KGroupedStream<String, String> hashTags = source.flatMapValues((ValueMapper<String, Iterable>) value -> Arrays.asList(value.substring(value.indexOf("#")))) 
  .groupBy((key, value) -> value)

Next, we invoke the count method to the KGroupedStream which will create a KTable counts for us with the hashtags as keys and the counts as values.

KTable<String, Long> counts = source.flatMapValues((ValueMapper<String, Iterable>) value -> Arrays.asList(value.substring(value.indexOf("#"))))
  .groupBy((key, value) -> value)
  .count();

The only thing we need to do now, is to create a stream of this and publish it to the topic my-kafka-streams-hashtagcount-output.

source.flatMapValues((ValueMapper<String, Iterable>) value -> Arrays.asList(value.substring(value.indexOf("#"))))
  .groupBy((key, value) -> value)
  .count()
  .toStream()
  .to("my-kafka-streams-hashtagcount-output", Produced.with(Serdes.String(), Serdes.Long()));

At the end, we need to add the following to start the stream:

final Topology topology = builder.build();
streams2 = new KafkaStreams(topology, props);
streams2.start();

The output topic must be configured with log compaction enabled. See the official documentation or a shorter explanation in order to learn about log compaction. Log compaction ensures that when several records with the same key are published to a topic, only the last version will remain. Only the last version is relevant and if log compaction is not enabled, older versions will consume unnecessary resources. Kafka will clean up older versions when log compaction is enabled. With this information, we can create the output topic:

$ ./kafka-topics.sh --create --bootstrap-server localhost:9092 --replication-factor 1 --partitions 1 --topic my-kafka-streams-hashtagcount-output --config "cleanup.policy=compact"

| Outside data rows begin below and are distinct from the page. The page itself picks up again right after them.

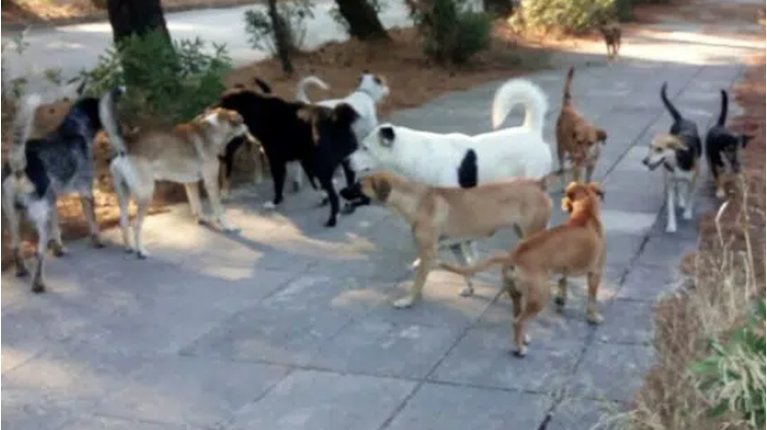 Αδέσποτα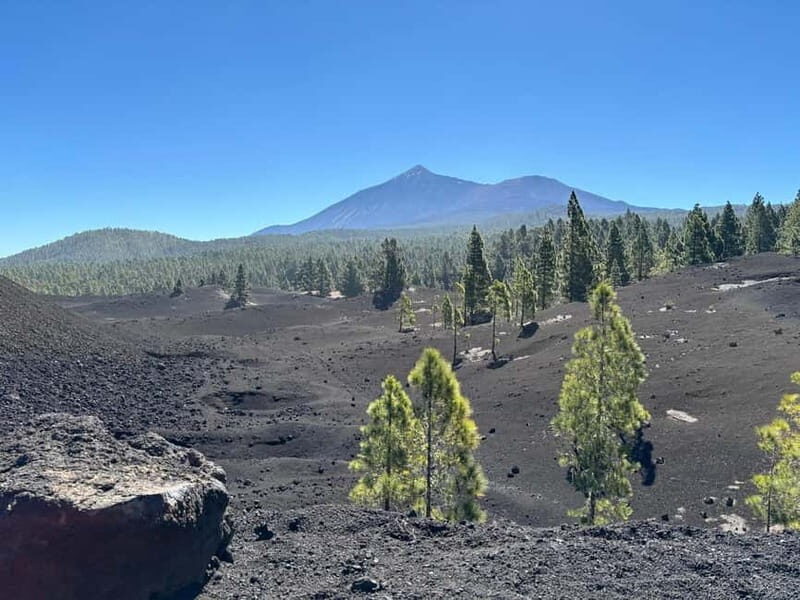 Tenerife: premium e-bike ride at Chineyro volcanic area - Good To Know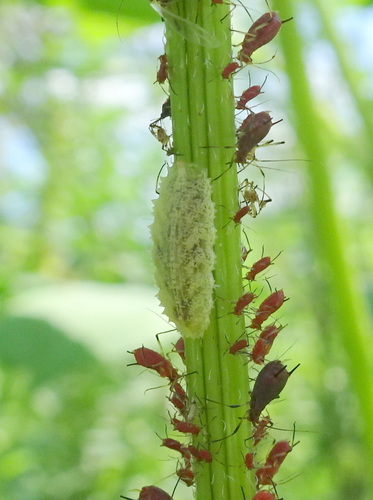 Slender Smoothtail photo 3
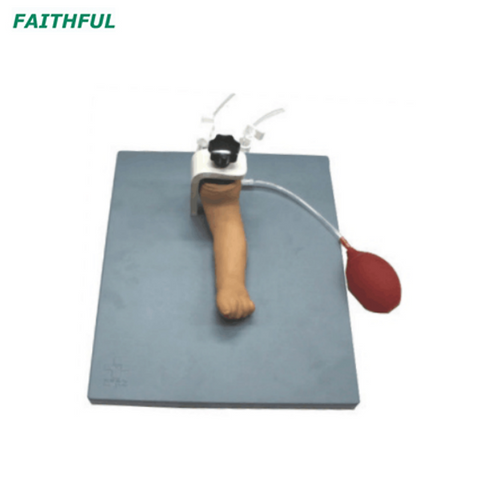 XC-486 Infant Artery Puncture Arm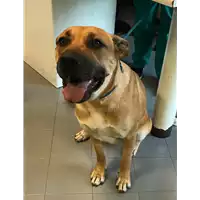 Foto dell\'animale cane - Matr. 2020/1177 - Microchip 380260140142519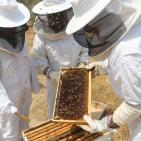 نحّالات كفر مالك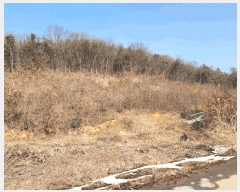  2025Ÿ��424 ��� ���ý� û���� ���Ÿ� ��48-3      ����(�Ӿ�)���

Time to test everything. Start the Producer and the Processor Spring Boot applications just as we did before.

Send messages from the Producer to the my-kafka-streams-topic by invoking URL http://localhost:8081/sendMessages/.

Start the processor by invoking URL http://localhost:8082/startProcessing2/.

Start the Consumer for topic my-kafka-streams-hashtagcount-output with some extra properties in order that the data is printed correctly to the console. We notice that every 30 seconds new results are printed to the console.

$ ./kafka-console-consumer.sh --bootstrap-server localhost:9092 --topic my-kafka-streams-hashtagcount-output --property print.key=true --value-deserializer=org.apache.kafka.common.serialization.LongDeserializer
#italy 85
#latin 84
#cicero 100
#caesar 87
#roman 80
#cicero 104
#italy 94
#latin 87
#caesar 96
#roman 85
#cicero 108
#caesar 103
#italy 101
#roman 92
#latin 92
...

Instead of just using the count method, we could also have used the following:

count(Materialized.<String, Long, KeyValueStore<Bytes, byte[]>>as("counts-store"))

In this case, the results are stored in a state store which can be queried. How to query such a state store can be found here.

3. Conclusion

We managed to create some Kafka Streams examples in order to get acquainted with Kafka Streams. The official Kafka documentation is of good quality and several good examples are provided in order to get you started easily.